Inverallan Wool Sweaters – $250-$300
3. TOUCH SCREEN LEATHER GLOVES:
I love leather gloves, but in the age of smart phones and touch screens, they’re just not practical. Not wanting to settle for fingerless gloves, which in my opinion are practically worthless on truly cold days when you need gloves, I found my answer from Mujjo. Using fine ingredients like Ethiopian leather and Egyptian cotton, Mujjo has created several styles that are not only attractive, but also compatible with touch screens. If the price is a bit much, they also offer more affordable options through their line of knitted and double-layered gloves, which look just as smart and would certainly pair well with your new parka.
Leather Crochet Touch Screen Gloves – $100
4. NAKED AND FAMOUS JEANS
To say that the premium denim market is oversaturated would be a massive understatement, and aside from a few Japanese and American companies producing high-quality wares, most of the overpriced jeans out there are just not up to snuff. One Canadian brand, however, comes to mind as a counter to that trend: Naked and Famous. At first glance, the brand may appear gimmicky, with their X-rated logo and more outlandish creations (scratch-n-sniff denim.) But looking deeper, one can see that Naked and Famous is actually producing interesting jeans, some of which are perfect for those single-digit days. Jeans too thin? Then try their super thick 19-ounce heavyweight option. Can’t deal with the heft and thickness of heavy denim? Then check out their windproof Snowpant denim. Available in a number of different fits, there is an option out there for every man.

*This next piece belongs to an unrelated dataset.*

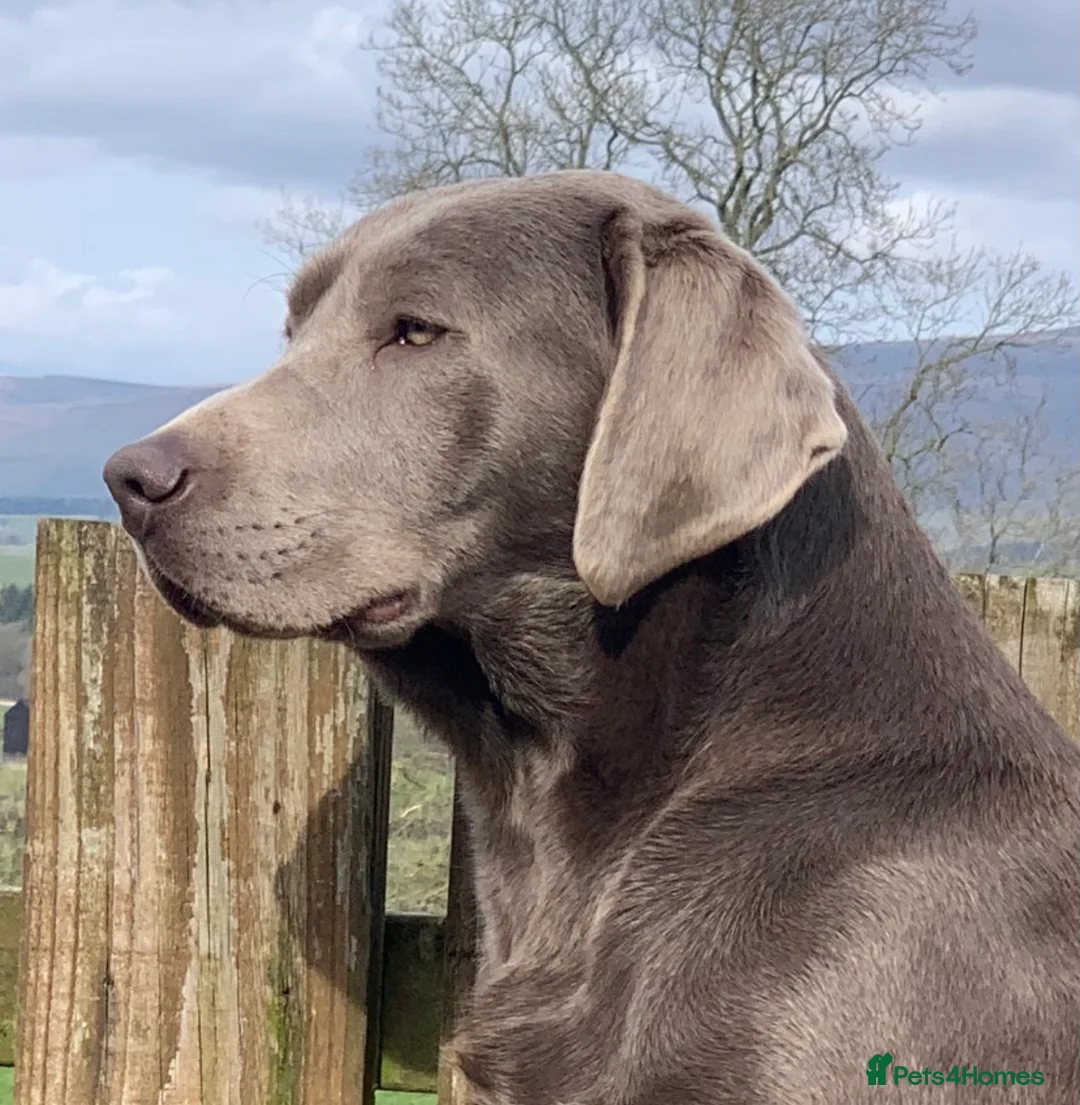 Labrador Retriever dogs for stud: Perfect Well Proven Health Tested Silver Stud in Appleby-in-Westmorland - Advert 14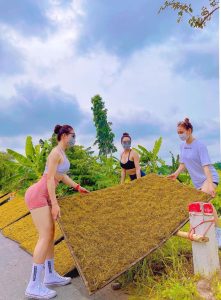 thuốc lào thanh hóa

Naked and Famous Jeans – $150-$300
5. L.L.BEAN SHEARLING-LINED BOOTS
American-made L.L.Bean Bean Boots are an American staple. If you don’t believe me, go treasure hunting in your grandfather’s closet; it’s likely he has an old pair tucked away somewhere. Seriously, when it comes to cold, wet, and slippery conditions, Bean Boots simply can’t be beat. L.L.Bean not only offers the original Bean Boot, but also a number of variations on the beloved design, including this great shearling-lined variation. With the waterproof design of the classic Bean Boot, its shearling-lined brother will ensure your toes stay dry and toasty all winter long.